Public Alert 017/2018 – Alert On Withdrawal Of Medicines With Modified Or Prolonged Release Paracetamol By Portugal Internal Health Authority
The National Agency for Food and Drug Administration and Control (NAFDAC) has been informed that the Portuguese Authority for Medicines (INFARMED) on the 9th march, 2018 announced the suspension and withdrawal of medicines containing modified or prolonged-release paracetamol, following a safety assessment conducted by the European Medicines Agency (EMA) which concluded that these medicines carry more risks than their supposed benefits to the patients.
Modified-release and prolonged-release paracetamol medications are designed to release paracetamol slowly over a longer period of time into the blood stream while having the advantage of being taken at less frequent intervals than the immediate release products.

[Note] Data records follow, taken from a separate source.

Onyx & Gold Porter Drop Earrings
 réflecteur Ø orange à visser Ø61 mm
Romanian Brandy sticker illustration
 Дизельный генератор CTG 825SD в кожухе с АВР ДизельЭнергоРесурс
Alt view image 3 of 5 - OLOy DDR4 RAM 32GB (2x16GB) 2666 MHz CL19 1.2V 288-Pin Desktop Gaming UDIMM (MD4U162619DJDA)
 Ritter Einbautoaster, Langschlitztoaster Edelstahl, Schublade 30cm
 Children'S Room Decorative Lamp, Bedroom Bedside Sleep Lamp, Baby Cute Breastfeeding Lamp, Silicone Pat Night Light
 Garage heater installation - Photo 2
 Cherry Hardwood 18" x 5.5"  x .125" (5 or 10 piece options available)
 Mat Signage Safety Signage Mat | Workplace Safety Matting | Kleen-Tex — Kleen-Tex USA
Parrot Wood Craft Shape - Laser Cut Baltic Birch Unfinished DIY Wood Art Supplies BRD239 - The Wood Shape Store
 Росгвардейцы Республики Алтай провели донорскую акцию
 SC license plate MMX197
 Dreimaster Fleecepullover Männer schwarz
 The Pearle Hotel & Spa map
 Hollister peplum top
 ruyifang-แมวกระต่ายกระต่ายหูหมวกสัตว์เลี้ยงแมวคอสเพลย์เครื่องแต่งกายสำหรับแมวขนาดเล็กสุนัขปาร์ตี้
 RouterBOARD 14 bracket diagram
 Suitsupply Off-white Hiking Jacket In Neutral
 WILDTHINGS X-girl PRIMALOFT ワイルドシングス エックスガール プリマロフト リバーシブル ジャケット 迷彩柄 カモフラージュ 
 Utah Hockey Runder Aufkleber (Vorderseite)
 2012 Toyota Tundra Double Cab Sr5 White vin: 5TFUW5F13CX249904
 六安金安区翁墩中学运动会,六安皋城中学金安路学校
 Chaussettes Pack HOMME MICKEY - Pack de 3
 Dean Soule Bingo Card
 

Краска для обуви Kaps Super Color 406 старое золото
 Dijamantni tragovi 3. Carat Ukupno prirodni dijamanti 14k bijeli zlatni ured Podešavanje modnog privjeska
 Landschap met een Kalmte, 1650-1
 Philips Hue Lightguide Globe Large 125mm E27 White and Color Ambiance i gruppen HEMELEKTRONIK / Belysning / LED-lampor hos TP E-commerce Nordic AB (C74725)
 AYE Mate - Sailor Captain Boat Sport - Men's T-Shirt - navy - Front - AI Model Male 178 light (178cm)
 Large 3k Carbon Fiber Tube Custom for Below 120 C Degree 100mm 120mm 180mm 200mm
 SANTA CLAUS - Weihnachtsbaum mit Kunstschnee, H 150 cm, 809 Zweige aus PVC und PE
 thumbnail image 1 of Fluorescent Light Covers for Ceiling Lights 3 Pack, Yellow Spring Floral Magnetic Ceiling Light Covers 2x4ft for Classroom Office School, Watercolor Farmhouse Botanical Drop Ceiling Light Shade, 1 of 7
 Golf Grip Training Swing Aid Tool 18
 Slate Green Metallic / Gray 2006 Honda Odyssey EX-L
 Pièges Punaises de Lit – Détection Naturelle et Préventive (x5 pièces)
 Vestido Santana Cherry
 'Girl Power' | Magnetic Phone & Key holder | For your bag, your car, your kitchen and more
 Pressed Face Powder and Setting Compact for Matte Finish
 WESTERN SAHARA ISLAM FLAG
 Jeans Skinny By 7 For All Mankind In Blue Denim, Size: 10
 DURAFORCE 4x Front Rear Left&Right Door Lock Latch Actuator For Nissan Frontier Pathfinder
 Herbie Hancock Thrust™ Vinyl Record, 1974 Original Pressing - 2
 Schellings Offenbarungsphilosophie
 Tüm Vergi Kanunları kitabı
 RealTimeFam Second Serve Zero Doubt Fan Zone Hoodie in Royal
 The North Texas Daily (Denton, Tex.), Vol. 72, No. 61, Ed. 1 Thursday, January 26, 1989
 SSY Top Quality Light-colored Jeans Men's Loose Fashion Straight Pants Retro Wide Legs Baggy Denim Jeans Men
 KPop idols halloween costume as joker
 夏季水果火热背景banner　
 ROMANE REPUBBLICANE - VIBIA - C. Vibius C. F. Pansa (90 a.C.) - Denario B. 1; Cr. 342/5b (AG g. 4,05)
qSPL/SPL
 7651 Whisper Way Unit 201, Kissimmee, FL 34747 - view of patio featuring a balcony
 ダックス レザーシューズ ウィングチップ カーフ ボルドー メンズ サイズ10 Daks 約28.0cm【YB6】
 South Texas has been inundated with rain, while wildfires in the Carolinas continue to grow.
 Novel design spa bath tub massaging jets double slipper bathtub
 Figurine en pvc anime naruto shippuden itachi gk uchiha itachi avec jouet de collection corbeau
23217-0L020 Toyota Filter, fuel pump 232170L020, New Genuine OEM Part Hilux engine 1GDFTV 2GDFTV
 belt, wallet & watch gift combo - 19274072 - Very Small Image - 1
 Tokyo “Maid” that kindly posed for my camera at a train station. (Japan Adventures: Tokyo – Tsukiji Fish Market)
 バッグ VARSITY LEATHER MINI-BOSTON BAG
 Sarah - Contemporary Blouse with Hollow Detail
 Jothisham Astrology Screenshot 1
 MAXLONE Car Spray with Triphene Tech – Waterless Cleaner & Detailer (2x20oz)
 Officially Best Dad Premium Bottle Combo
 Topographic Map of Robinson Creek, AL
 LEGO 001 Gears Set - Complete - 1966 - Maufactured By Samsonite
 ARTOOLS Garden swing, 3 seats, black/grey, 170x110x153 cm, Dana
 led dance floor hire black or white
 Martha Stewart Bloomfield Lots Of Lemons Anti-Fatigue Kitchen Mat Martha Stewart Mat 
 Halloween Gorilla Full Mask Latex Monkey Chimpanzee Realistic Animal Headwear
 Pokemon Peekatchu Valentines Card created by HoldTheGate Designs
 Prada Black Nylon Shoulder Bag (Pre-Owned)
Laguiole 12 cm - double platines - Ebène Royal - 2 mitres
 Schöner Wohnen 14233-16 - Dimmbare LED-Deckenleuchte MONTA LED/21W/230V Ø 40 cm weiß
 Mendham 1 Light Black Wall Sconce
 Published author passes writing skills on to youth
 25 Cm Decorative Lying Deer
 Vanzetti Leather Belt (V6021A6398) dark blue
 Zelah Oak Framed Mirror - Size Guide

The details of the drugs containing paracetamol that are affected by the suspension/withdrawal are as follows:-
- Panadol Prolong 665mg
- Diliband Retard 75mg + 650mg
- Tramadol + Paracetamol KrKa 75mg + 650mg
- Tramadol + Paracetamol Verum Pharma LP 75mg + 650mg
NAFDAC implores members of the public to avoid sale and use of these products if in their possession and submit to the nearest NAFDAC office.
Consumers are encouraged to report all adverse events resulting from the use of these products to the nearest NAFDAC office, NAFDAC PRASCOR (20543 TOLL FREE from all networks) or via Pharmacovigilance@nafdac.gov.ng
NAFDAC…………..Safeguarding the health of the nation!!!